(Beginning of THE INPUT)

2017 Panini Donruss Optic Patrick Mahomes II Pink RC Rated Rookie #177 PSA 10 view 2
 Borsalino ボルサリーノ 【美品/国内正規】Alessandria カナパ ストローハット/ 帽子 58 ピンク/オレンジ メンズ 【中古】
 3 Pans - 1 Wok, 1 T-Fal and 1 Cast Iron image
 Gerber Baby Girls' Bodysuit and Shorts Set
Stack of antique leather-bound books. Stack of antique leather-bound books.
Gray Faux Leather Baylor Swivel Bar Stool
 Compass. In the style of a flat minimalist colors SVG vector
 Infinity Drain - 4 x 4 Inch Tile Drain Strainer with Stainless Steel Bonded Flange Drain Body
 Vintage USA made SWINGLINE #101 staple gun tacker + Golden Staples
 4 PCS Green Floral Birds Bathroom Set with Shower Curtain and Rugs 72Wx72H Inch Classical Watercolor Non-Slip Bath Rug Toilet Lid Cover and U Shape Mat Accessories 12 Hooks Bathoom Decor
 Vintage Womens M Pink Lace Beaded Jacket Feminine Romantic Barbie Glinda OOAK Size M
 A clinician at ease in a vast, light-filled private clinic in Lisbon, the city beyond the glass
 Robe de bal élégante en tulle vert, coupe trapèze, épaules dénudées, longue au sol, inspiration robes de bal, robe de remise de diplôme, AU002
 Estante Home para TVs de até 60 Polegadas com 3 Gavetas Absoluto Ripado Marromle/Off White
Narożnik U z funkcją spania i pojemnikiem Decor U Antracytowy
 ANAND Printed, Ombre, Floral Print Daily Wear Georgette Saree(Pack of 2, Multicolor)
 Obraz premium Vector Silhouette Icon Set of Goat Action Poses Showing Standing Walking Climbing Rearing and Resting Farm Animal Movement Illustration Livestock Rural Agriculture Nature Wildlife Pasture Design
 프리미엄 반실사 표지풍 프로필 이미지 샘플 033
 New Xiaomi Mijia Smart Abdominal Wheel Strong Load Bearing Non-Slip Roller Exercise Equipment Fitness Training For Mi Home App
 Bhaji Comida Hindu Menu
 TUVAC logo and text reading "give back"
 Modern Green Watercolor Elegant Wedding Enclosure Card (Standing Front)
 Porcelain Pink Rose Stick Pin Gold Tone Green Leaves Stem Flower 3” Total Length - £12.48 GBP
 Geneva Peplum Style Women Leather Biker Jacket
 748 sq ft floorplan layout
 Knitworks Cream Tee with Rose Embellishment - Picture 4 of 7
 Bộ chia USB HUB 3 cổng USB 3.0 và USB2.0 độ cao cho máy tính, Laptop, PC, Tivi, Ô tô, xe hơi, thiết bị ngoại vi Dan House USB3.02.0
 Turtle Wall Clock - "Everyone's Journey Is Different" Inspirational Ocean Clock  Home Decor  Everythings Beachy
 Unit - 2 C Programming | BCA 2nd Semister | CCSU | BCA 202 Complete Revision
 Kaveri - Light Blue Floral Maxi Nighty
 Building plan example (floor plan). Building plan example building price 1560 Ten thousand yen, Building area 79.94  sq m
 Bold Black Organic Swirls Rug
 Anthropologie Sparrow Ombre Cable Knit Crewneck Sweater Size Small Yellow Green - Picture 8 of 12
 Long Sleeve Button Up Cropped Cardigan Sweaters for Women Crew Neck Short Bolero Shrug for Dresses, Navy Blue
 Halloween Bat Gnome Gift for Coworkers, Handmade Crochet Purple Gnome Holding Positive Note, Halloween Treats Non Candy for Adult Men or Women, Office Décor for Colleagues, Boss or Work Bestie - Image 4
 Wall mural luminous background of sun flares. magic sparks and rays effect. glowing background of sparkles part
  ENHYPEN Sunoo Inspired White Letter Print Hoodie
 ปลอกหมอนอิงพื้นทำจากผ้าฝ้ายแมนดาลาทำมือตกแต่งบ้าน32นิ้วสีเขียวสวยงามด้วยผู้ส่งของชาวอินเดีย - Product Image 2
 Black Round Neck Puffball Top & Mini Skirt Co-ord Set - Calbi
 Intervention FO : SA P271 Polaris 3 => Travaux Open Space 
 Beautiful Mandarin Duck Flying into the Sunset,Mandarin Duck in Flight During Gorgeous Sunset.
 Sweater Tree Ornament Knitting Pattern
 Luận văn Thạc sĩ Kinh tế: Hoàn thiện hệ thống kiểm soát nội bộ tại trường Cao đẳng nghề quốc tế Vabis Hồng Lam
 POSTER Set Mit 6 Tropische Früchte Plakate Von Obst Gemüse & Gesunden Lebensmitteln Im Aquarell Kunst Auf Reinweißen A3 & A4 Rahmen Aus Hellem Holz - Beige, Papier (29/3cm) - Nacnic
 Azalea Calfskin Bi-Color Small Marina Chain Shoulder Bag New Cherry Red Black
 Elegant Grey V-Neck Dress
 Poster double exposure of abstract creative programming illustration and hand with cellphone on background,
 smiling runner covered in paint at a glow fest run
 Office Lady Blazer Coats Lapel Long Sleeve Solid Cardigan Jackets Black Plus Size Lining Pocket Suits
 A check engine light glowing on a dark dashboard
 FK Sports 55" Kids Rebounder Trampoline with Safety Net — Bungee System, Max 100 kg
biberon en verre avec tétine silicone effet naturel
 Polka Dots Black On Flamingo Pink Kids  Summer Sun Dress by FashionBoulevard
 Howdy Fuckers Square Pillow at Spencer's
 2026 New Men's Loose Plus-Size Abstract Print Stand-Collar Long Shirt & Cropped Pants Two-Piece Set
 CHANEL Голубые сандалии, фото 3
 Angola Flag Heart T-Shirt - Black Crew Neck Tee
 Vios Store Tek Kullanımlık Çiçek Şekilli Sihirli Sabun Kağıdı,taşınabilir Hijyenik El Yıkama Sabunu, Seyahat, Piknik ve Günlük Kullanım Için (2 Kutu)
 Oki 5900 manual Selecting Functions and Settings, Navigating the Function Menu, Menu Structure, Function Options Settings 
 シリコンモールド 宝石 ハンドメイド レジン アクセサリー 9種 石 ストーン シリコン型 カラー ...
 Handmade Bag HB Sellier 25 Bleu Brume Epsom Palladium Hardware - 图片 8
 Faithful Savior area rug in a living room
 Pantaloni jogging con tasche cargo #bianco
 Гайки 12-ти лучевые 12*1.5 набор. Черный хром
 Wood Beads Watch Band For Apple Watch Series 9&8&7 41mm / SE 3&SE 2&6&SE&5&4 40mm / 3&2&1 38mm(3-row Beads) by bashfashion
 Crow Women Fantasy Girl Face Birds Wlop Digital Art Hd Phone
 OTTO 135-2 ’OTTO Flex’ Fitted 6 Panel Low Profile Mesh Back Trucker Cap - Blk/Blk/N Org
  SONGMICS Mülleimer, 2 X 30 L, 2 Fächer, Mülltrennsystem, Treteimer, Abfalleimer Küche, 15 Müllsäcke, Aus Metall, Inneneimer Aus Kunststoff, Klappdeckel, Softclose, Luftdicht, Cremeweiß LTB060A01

(End of THE INPUT)

> _WHAT YOU NEED TO DO_: Report every line in the listing that holds the word "Rose".

> _SOLUTION TO THE PROBLEM_:
 Porcelain Pink Rose Stick Pin Gold Tone Green Leaves Stem Flower 3” Total Length - £12.48 GBP
 Knitworks Cream Tee with Rose Embellishment - Picture 4 of 7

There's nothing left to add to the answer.